The Endeavour voyage in 1768 – 1771, embodies the first encounter between the Nordic and the Pacific Region. Daniel Solander brought to this encounter a wealth of knowledge and curiosity in botany but also in the fields of linguistics, culture and astronomy. Another eminent person present onboard the ship played a crucial role for Solander and for the Endeavour expedition: Tupaia, the Rai'atean navigator who travelled with the expedition from Tahiti. In the course of the journey, the two men came to form a strong bond. Working side by side in the European encounter with Polynesian, Māori and indigenous Australian worlds, the cooperation between Solander and Tupaia was the first exchange between the Nordic culture and Oceanian civilizations. It was a partly forgotten story which had to be told again.

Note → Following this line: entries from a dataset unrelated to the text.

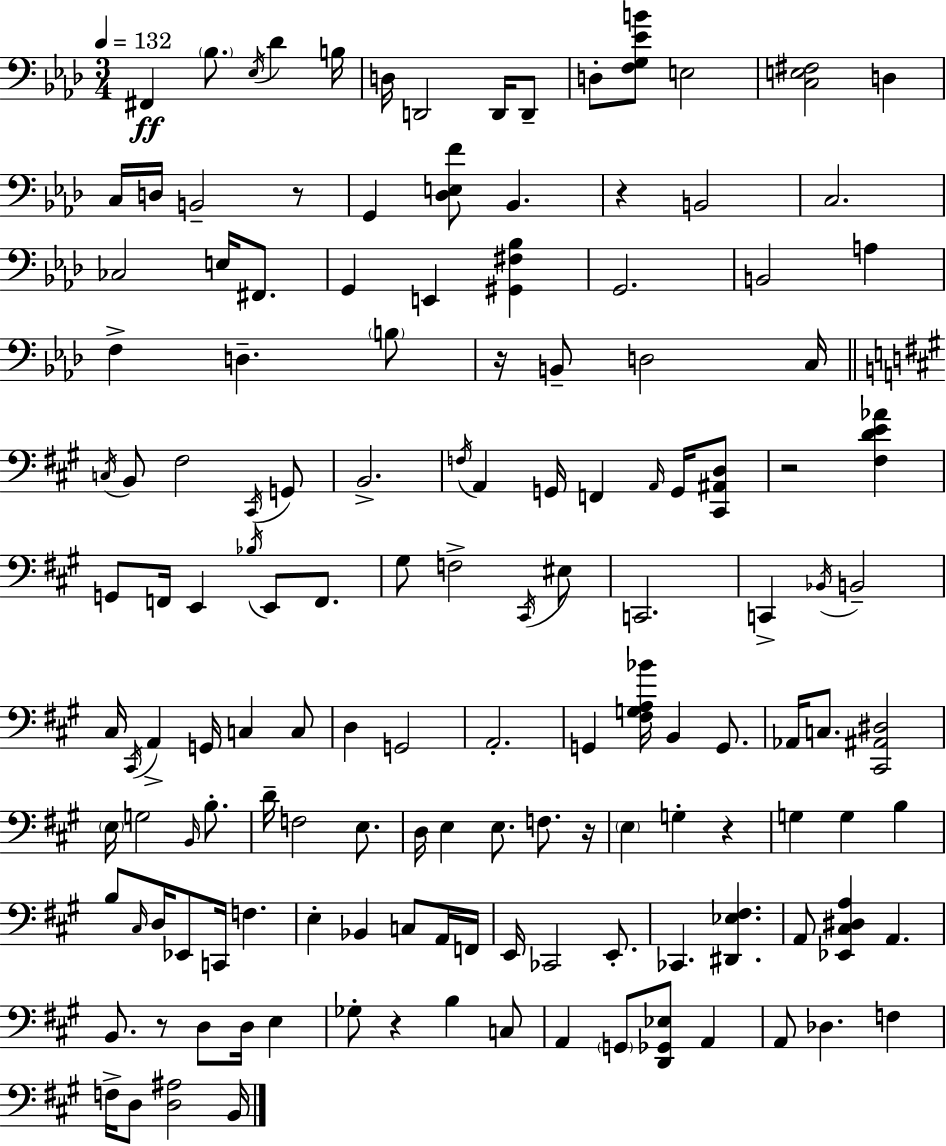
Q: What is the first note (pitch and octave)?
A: F#2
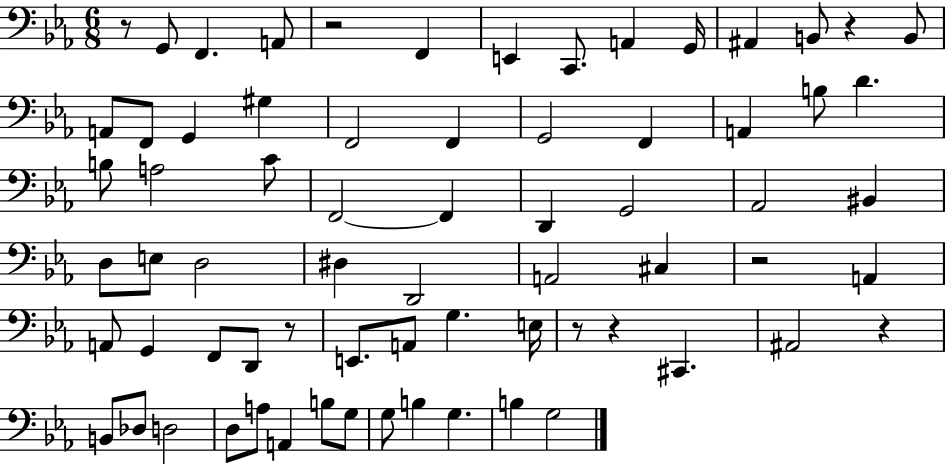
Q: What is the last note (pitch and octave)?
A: G3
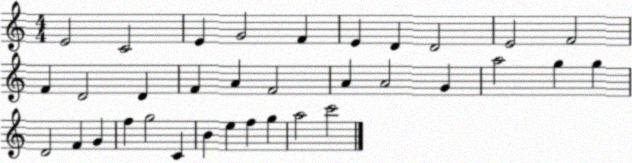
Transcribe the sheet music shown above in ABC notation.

X:1
T:Untitled
M:4/4
L:1/4
K:C
E2 C2 E G2 F E D D2 E2 F2 F D2 D F A F2 A A2 G a2 g g D2 F G f g2 C B e f g a2 c'2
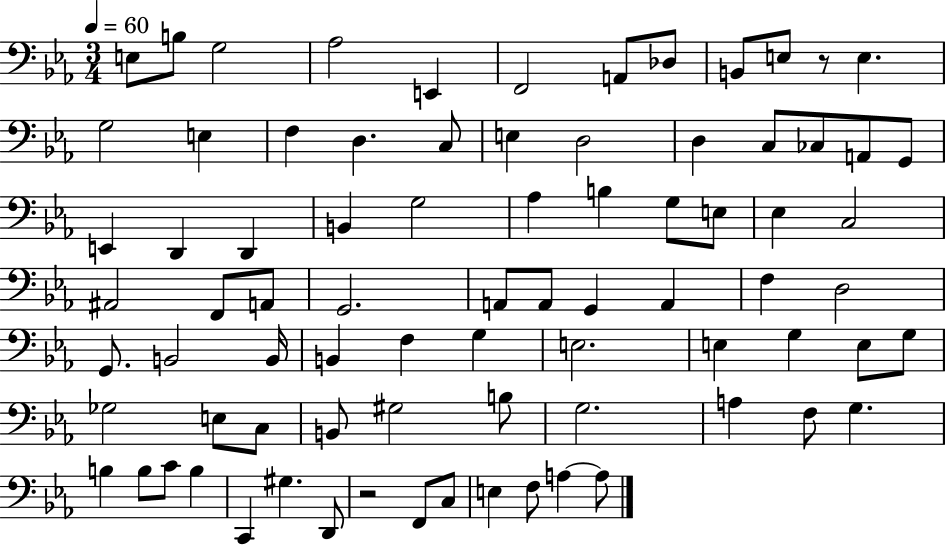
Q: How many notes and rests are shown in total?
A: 80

The award-winning exhibition toured New Zealand, Australia and Sweden for two years, it was the first collaboration in its kind between our three nations. Now we include Icelandic friends in our group to commemorate the visit to Iceland by Solander in August – October 1772.
The Embassy of Sweden and our Icelandic partners have initiated a project - Solander 250 - Bréf frá Íslandi
- inspired by Iceland at the time of the expedition in 1772. Together we continue a dialogue between us on history, biology, geology, anthropology and culture which has spanned over many centuries. The project deals with the anthropocene.
The British Library BL Add MS. 15511, f.48. John Cleveley the Younger (1772), ‘View of a mountain, near Hekla with a view of a travelling caravan’. Personally, I believe Solander is the second man from the left on a horse. He was described as a short and stout man with small eyes, a jovial face and fair complexion. Although a careless dresser, he had a peculiar liking for bright waistcoats.
John Clevely from the expedition to Iceland in 1772. By permission of the Linnean Society of London (EP/34). Based on my knowledge of Solander, I take the liberty of assuming that the man on the chair to the left, with a dog, is actually Daniel Solander in Hafnarfjörður.
All in all, the entire Solander 250 - Bréf frá Íslandi
project will be the most extensive dialogue between Iceland and Sweden on our past, present and future. We link the Arctic and the Pacific and it is all inspired by Daniel Solander. I believe he would have approved.
Daniel Solander has taken me on a fantastic journey which is about to continue on Iceland. For this I am forever grateful and consider myself as a proud Solander Apostle.